Ticket #407 (closed defect: fixed)
{{{darcs_buildbot}}} uses {{{.encode('ascii')}}, but {{{.encode('utf-8')}}} works better
| Reported by: | zooko | Owned by: | |
|---|---|---|---|
| Priority: | major | Milestone: | undecided |
| Version: | 0.7.9 | Keywords: | darcs |
| Cc: | dustin |
Description
I committed a darcs patch written by François Deppierraz. The darcs_buildbot script failed with:
Traceback (most recent call last):
File "/usr/local/bin/darcs_buildbot", line 164, in <module>
Finished applying...
sendChanges(MASTER)
File "/usr/local/bin/darcs_buildbot", line 131, in sendChanges
changes = findNewChanges()
File "/usr/local/bin/darcs_buildbot", line 114, in findNewChanges
changes = getSomeChanges(lookback)
File "/usr/local/bin/darcs_buildbot", line 100, in getSomeChanges
return getChangesFromCommand(cmd, count)
File "/usr/local/bin/darcs_buildbot", line 95, in getChangesFromCommand
changes.append(makeChange(p))
File "/usr/local/bin/darcs_buildbot", line 59, in makeChange
comments = comments.encode("ascii")
UnicodeEncodeError: 'ascii' codec can't encode character u'xe7' in position 217: ordinal not in range(128)
Posthook failed!
Apply failed!
Then I hacked that script by replacing all instances of the string 'ascii' with the string 'utf-8' and it worked.
Change History
comment:2 Changed 4 years ago by zooko
I don't understand the specific situation, other than that I tried this change and it worked for me.

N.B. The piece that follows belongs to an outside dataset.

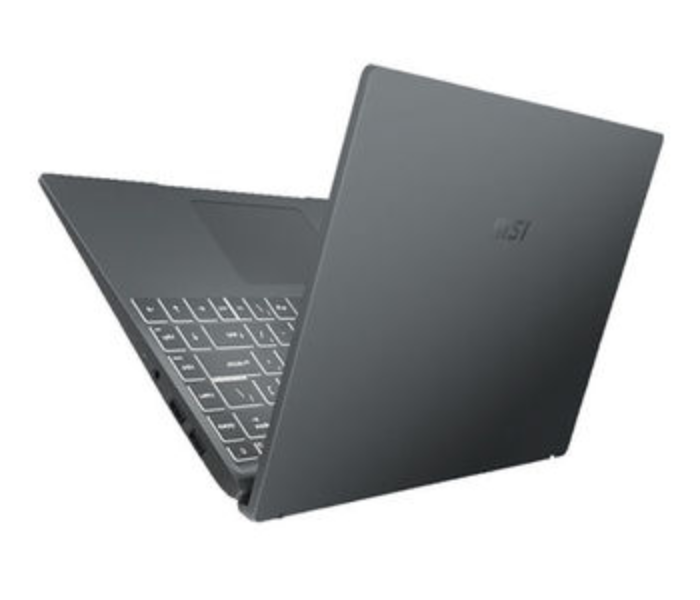 MSI Modern 14 B10MW 14-Inch Display Core i3-10110U Processor 4GB RAM 256GB Storage Intel UHD Graphics - Carbon Grey - Zoom Image 2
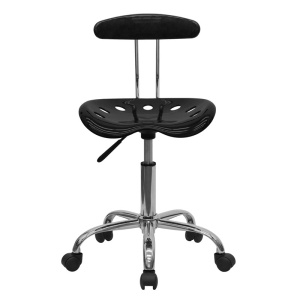 Vibrant-Black-and-Chrome-Swivel-Task-Chair-with-Tractor-Seat-by-Flash-Furniture-3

I have the vague notion that utf-8 is always better than ascii and that everything would have been a lot easier if Python had just made utf-8 its default encoding instead of ascii, but I don't know whether that general notion is true in this case.
comment:3 Changed 4 years ago by dustin
Yeah, Py3k makes utf-8 the default encoding, but that's really another story.
In this case, I see:
60 # note that these are all unicode. Because PB can't handle unicode, we 61 # encode them into ascii, which will blow up early if there's anything we 62 # can't get to the far side. When we move to something that *can* handle 63 # unicode (like newpb), remove this.
which means that we're stuck with the ascii charset -- we just can't get anything that's not ascii over to the other side. The other side is not expecting utf-8-encoded data, and will not know to decode such data back to a unicode string. Adding "replace" just means that any non-ascii characters are handled gracefully (replaced with a placeholder character) instead of triggering a traceback. It's not pretty, but it gets the commit into buildbot.
Obviously, the larger solution is to support unicode universally, and make arrangements to encode and decode strings when they pass through ascii-only channels, but that's going to be a much more significant task.
What do you think?
comment:4 Changed 4 years ago by zooko
Hm, but when I told it to encode this patch with utf-8, it worked, even though it contained a non-ascii char (in the comment, toward the end, in the name "François")
http://allmydata.org/trac/tahoe/changeset/3274
Buildbot received the notification about that patch and triggered appropriately, and even included the sedilla:
http://allmydata.org/buildbot/changes/694
Could it be that Twisted PB has fixed this limitation since that buildbot code comment was written?
comment:5 Changed 4 years ago by zooko
Whoops, sorry, wrong hyperlink. The changeset patch in question was this one:
http://allmydata.org/trac/tahoe/changeset/3309
Which led to this buildbot event (already hyperlinked correctly in my previous message):
![[Buildbot Logo]](/chrome/site/header-text-transparent.png)
I think that, for the moment, the more appropriate solution is to add the "replace" error-handling flag to the encode() call. Presumably someone added this encode() because the target does not expect unicode strings.
comments = comments.encode("ascii", "replace")What do you think?